We chatted to four incredible people about their journeys and the advanced medical innovations that transformed their lives, giving them the chance to do what they never expected they’d be able to: competing as a world-class athlete after losing a limb, hearing the laughter of a loved one after going deaf, controlling the previously impossible-to-stop tremors resulting from Parkinson’s disease.

“You learn a lot about yourself and what you’re capable of mentally and physically” – ‘Monster’ Mike Schultz on his recovery following an accident

Minnesota-based Mike Schultz was living the dream as a professional snocross racer at the top of his game when an accident in 2008 saw him thrown from his machine, his left leg hyperextended 180 degrees in the wrong direction.
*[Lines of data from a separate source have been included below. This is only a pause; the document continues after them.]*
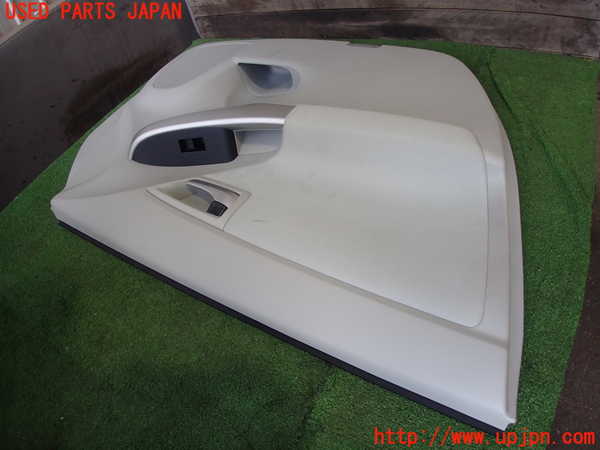 2UPJ-29481264]プリウス(ZVW30)左前ドア内張り 中古_m0003.jpg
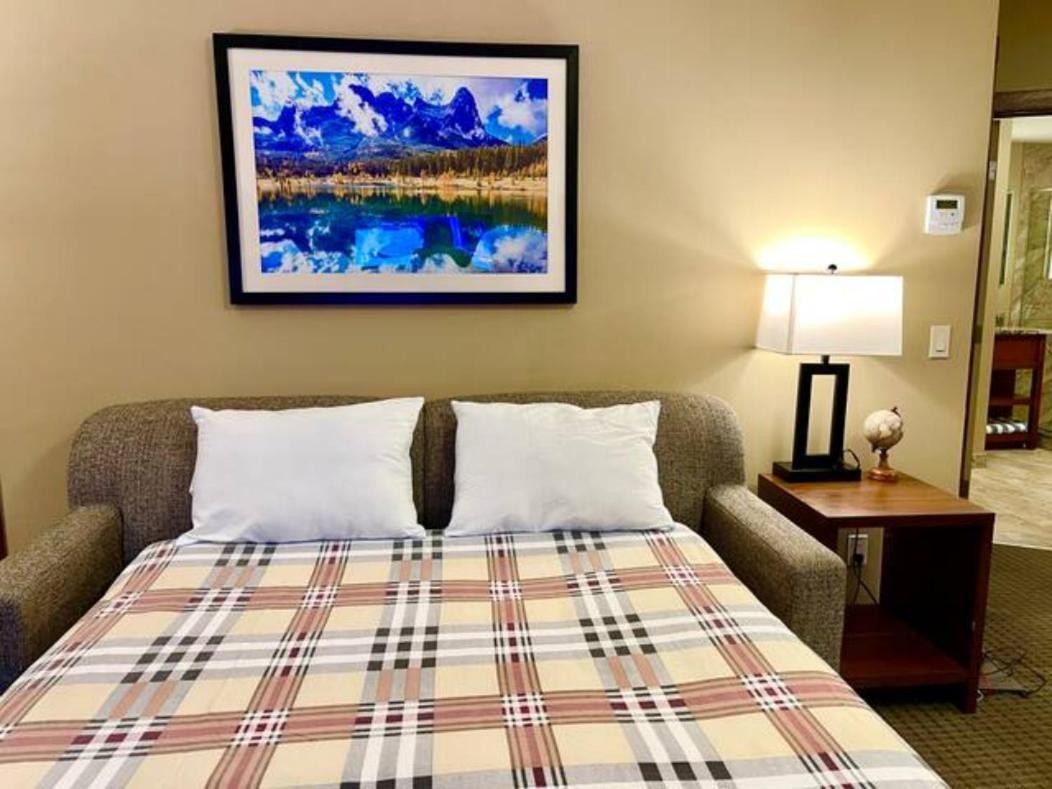 كانمور Falcon Crest Lodge 1 Bedroom Condo With Gym & Hot-Tubs & Mountain View المظهر الخارجي الصورة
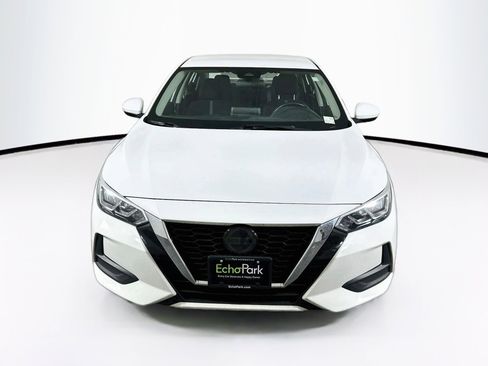 Used 2022 Nissan Sentra SV FWD image 2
The accident severed one of the main arteries, and over the course of the next three days, Schultz learned doctors would have to amputate.

“Hearing that from the doctors was a hard one to accept. My family and I knew that after all the discussion, that was the right choice. OK, we’re going to accept it and we’re going to move on. I thought my competition and racing days were over,” says Schultz.

His love of sport and mental focus helped him recover swiftly and in a positive mindframe: six weeks after the operation, he knew he’d compete again - he just needed the right prosthetic to do it.

With Schultz’s interest in mechanics and tinkering - and his background in extreme sports - he knew that he required a leg with suspension components that functioned as a shock absorber on a snowmobile or dirt bike, so his leg could absorb the impacts when riding.

The Moto Knee was born - as was Schultz’s company, BioDapt, which designs and manufactures lower limb prosthetics for athletes, and has been in business for a decade. He also created the Versa Foot, which works in conjunction with the knee system. Since 2012, he’s been using machining tools from Scandinavian mechanical engineering firm, Sandvik, which he describes as “incredible.”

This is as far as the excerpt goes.